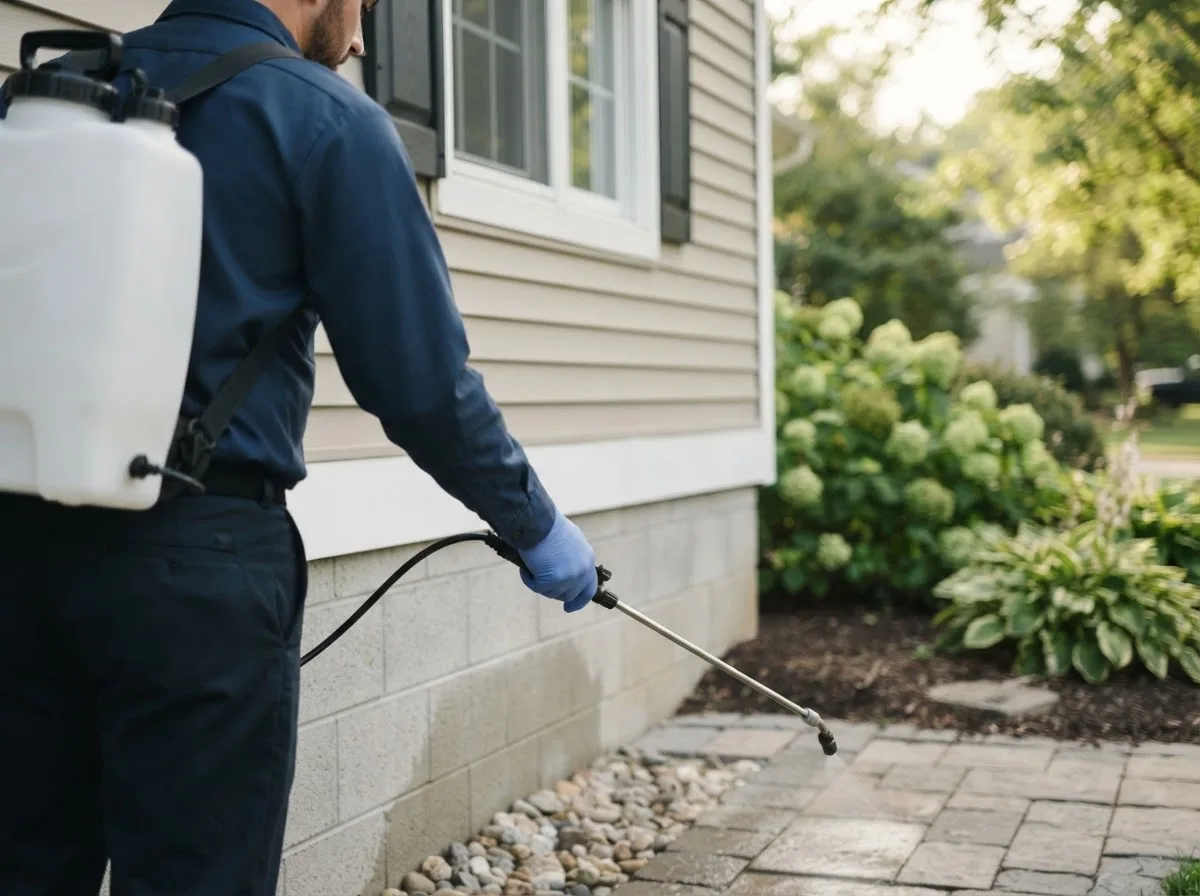 Pest control technician inspecting a home in Luttrell, TN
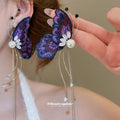 Purple Butterfly Pearl Chain Tassel Earrings Statement Jewelry view 3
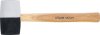 Gummihammare, Hickory-skaft, svart-vitt Huvud Ø 63 mm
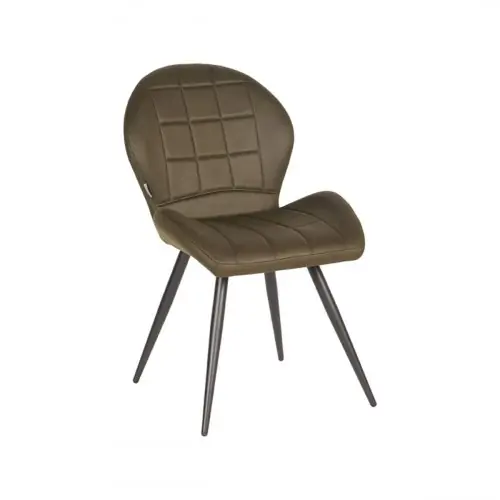Esszimmerstuhl Sil 51x64x87 cm Armee Mikrofaser | Schwarzes Metall Preisknaller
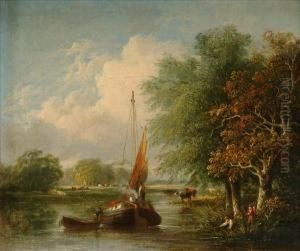 Figures On Asailing Barge In A River Landscape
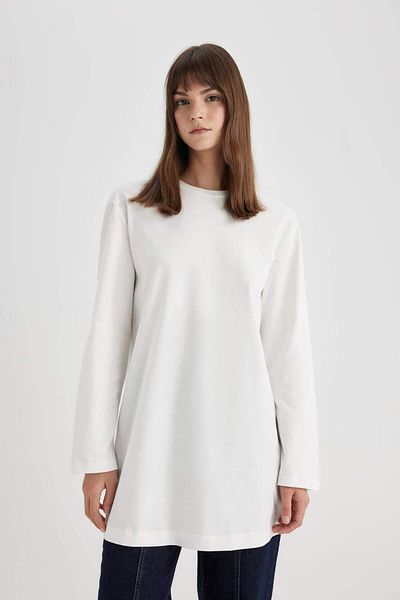 DeFacto Regular Fit Rundhalsausschnitt Basic Langarm T-Shirt Tunika B2586ax24sp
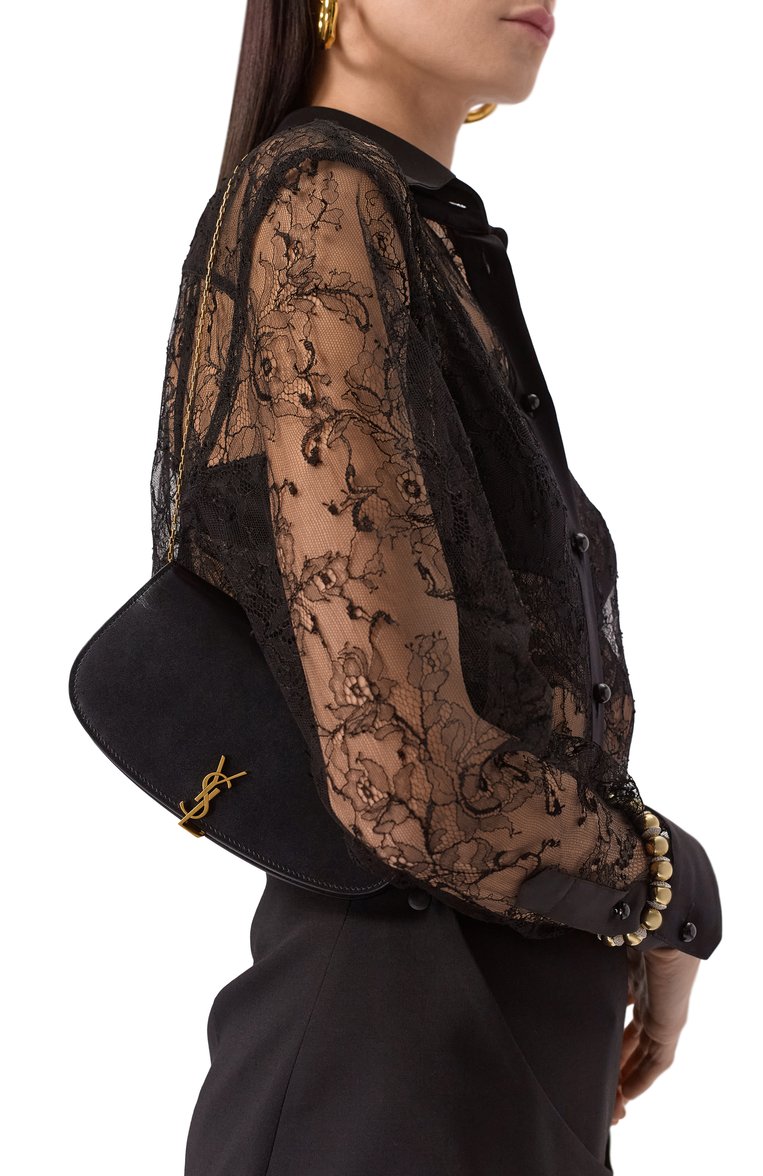 Женский клатч voltaire SAINT LAURENT черного цвета, арт. 799867/0SX0W | Фото 2 (Материал: Натуральная кожа; Размер: mini; Женское Кросс-КТ: Вечерняя сумка, Клатч-клатчи; Автоматизация ТО: Проставлено; Автоматизация состава: Проставлено)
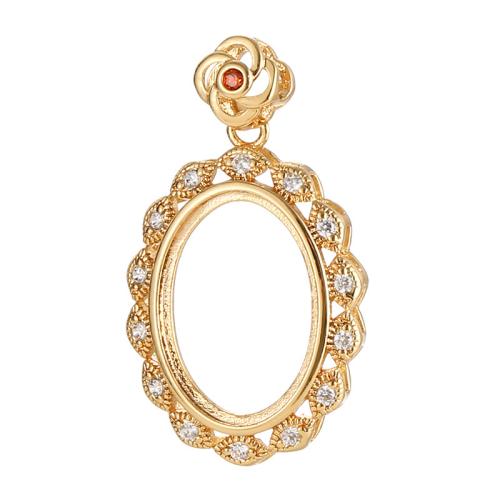 Messing Anhänger Cabochon Einstellung, plattiert, DIY & verschiedene Stile für Wahl & mit Strass, verkauft von PC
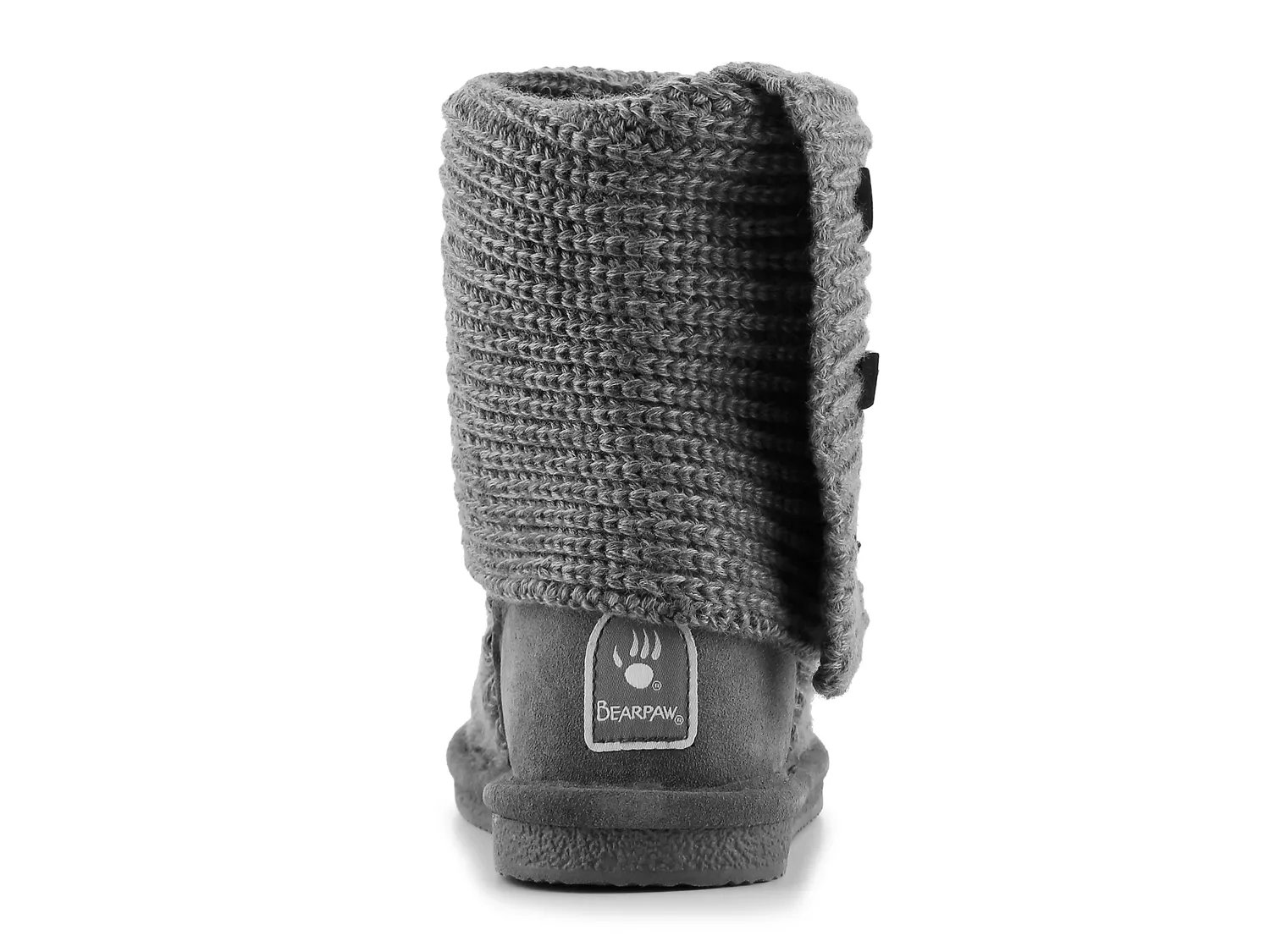 grey knit bearpaw boots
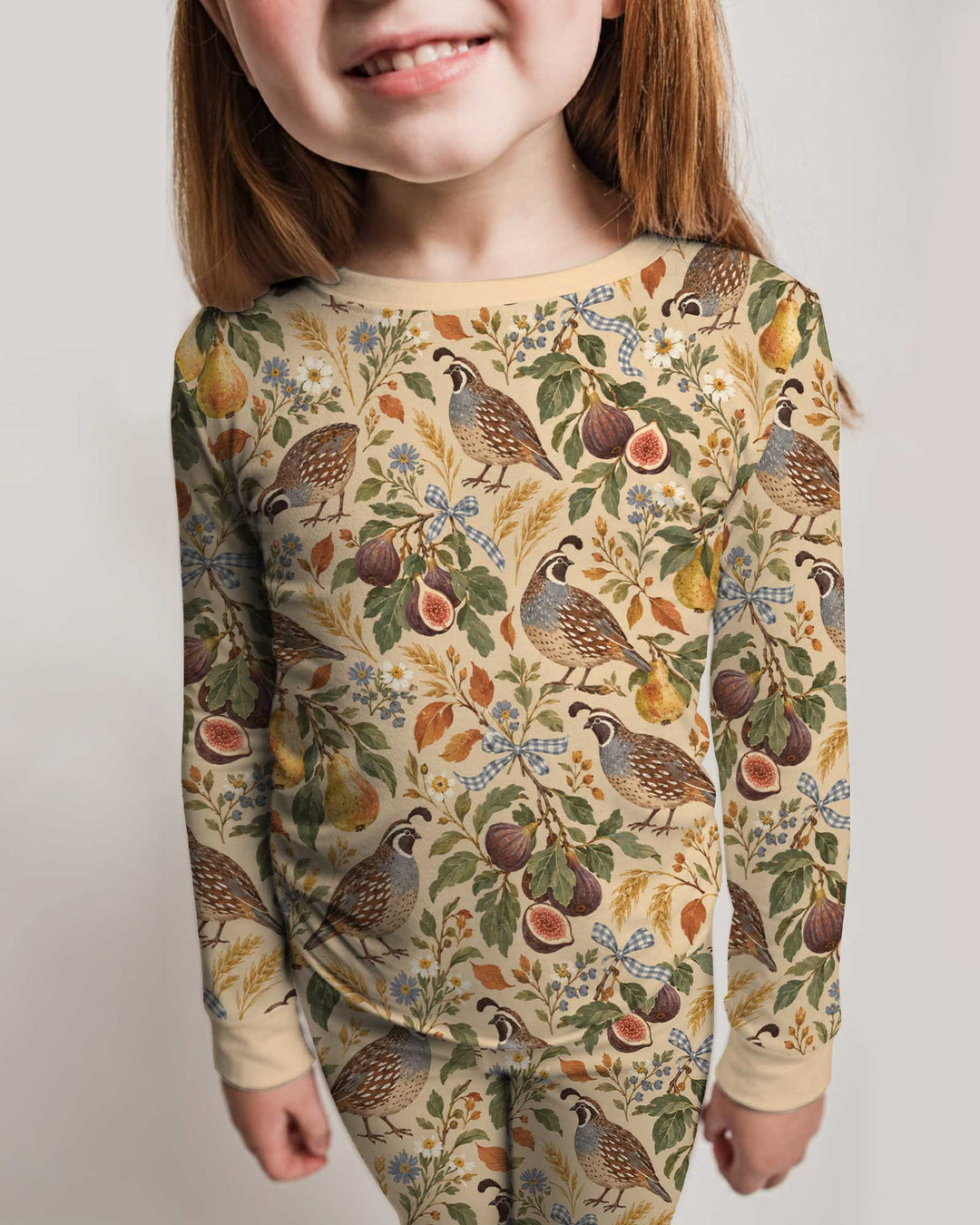 Quail & Pears Bamboo Two Piece Long Sleeve Pajama Set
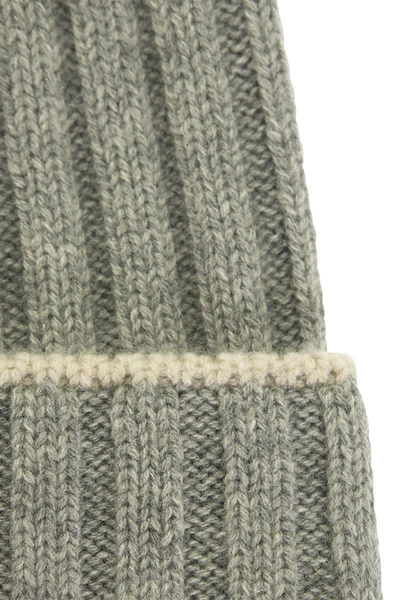 Shop Brunello Cucinelli English Rib Cashmere Knit Beanie In Grey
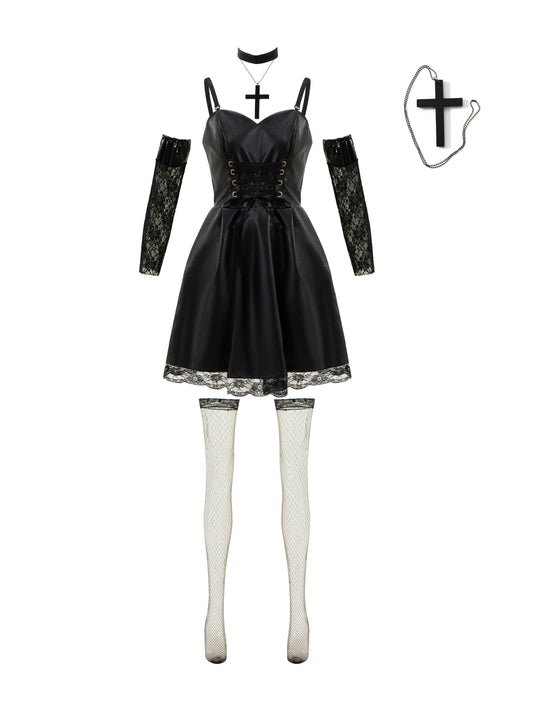 Japanese Anime Cosplay Dress, Lace Trim Goth Style Costume, Women's Clothing SS69
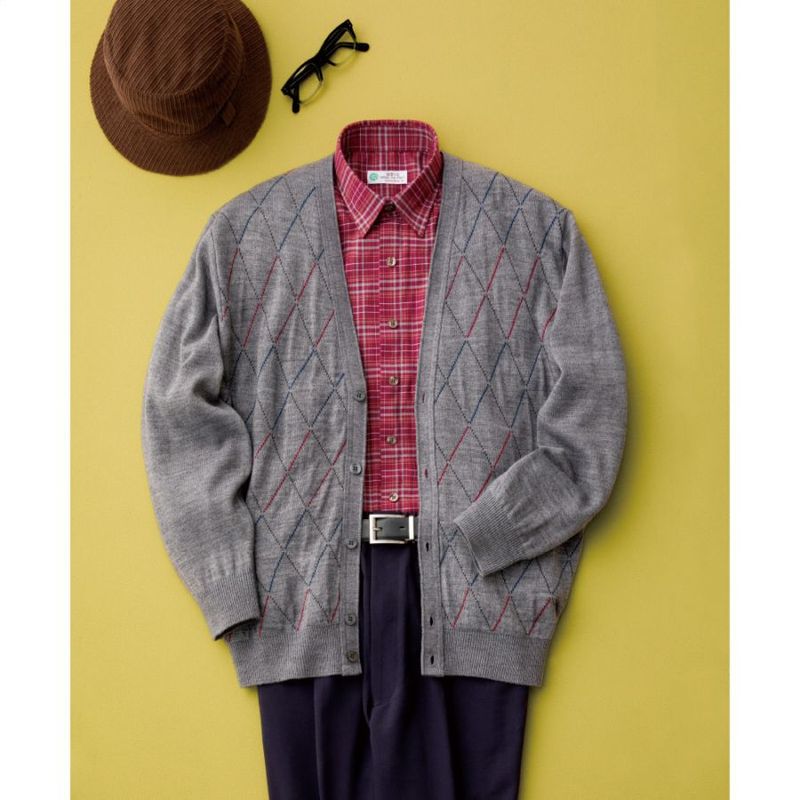 国産毛混ニットカーディガン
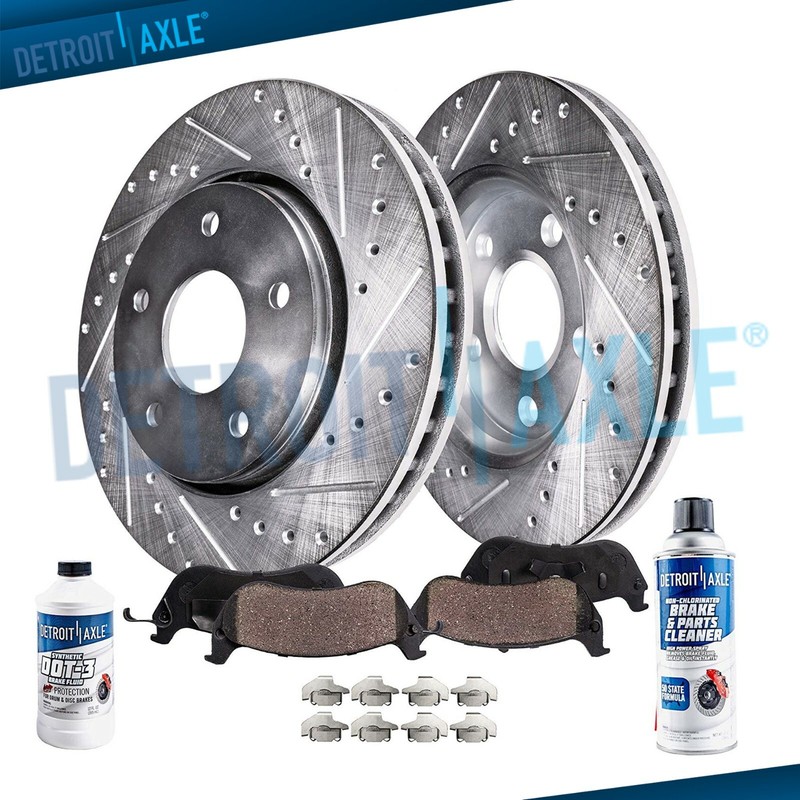 Front Drilled and Slotted Brake Rotors + Brake Pads Kit for Nissan Maxima I30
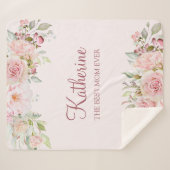 Pastel Roze Roze Bloem Bloem Beste Mam Ooit Sherpa Deken (Voorkant (horizontaal))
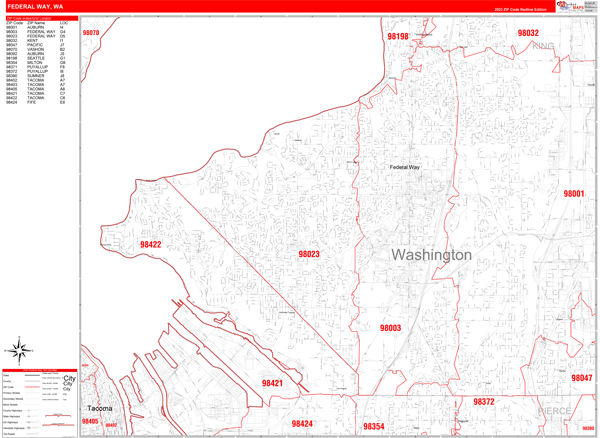 Federal Way City Digital Map Red Line Style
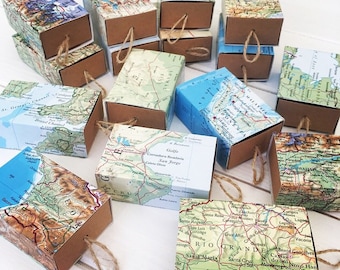 World Map Favour Boxes, Travel Boxes, Favour Matchboxes, Travel Wedding, Travel Party, Travel Favours, Travel Gifts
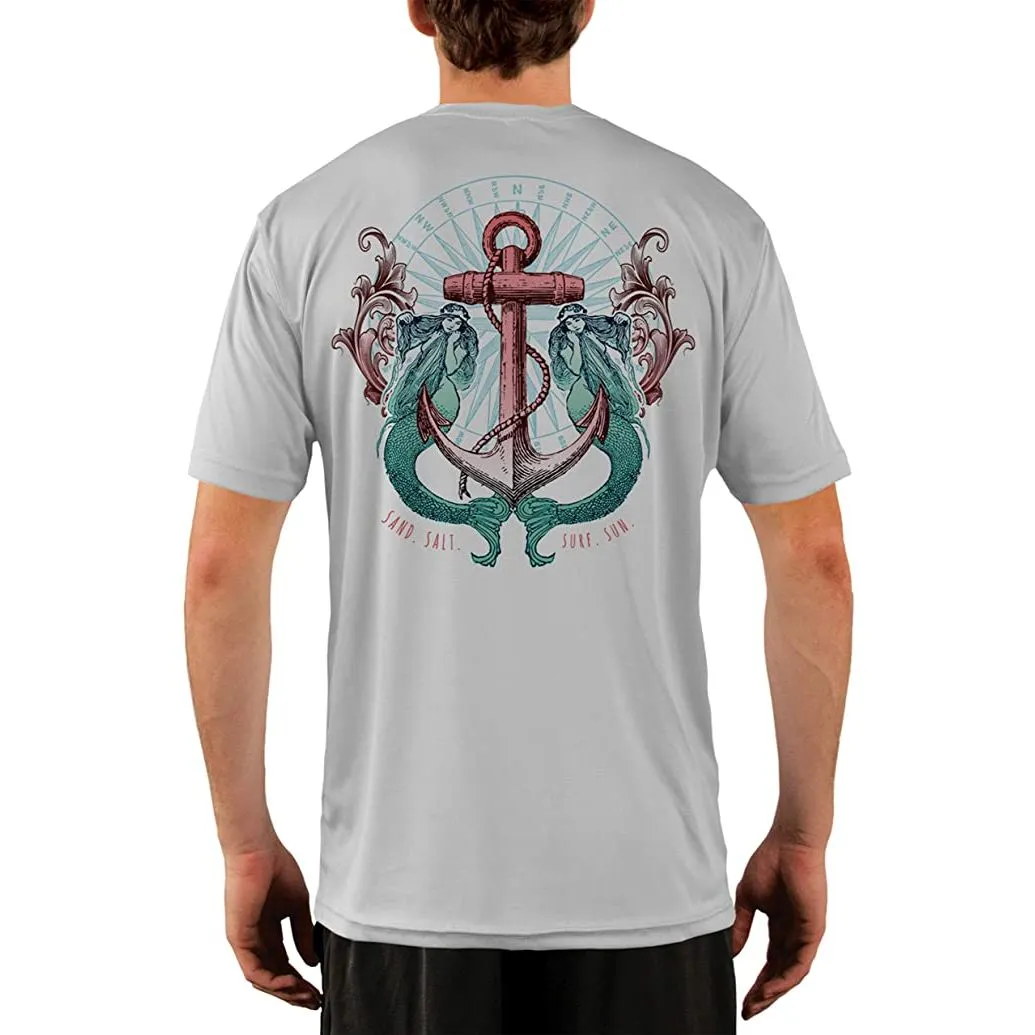 SAND.SALT.SURF.SUN. Sailing Vintage Mermaid Ladies Men's UPF 50  UV Sun Protection Performance Short Sleeve T-Shirt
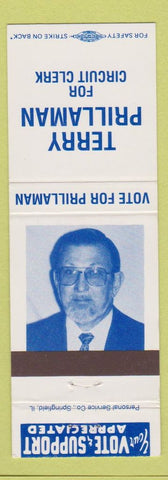 Matchbook Cover - Terry Prillaman Circuit Clerk Election Rossville IL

○ ○ ○ ○ ○

• Exercise: Would you restate, word for word, the lines from the one holding "Federal Way City Digital Map Red Line Style" through the end of the material above? Omit the pictures.

• Result for this exercise:
 Federal Way City Digital Map Red Line Style
 World Map Favour Boxes, Travel Boxes, Favour Matchboxes, Travel Wedding, Travel Party, Travel Favours, Travel Gifts
 SAND.SALT.SURF.SUN. Sailing Vintage Mermaid Ladies Men's UPF 50  UV Sun Protection Performance Short Sleeve T-Shirt
 Matchbook Cover - Terry Prillaman Circuit Clerk Election Rossville IL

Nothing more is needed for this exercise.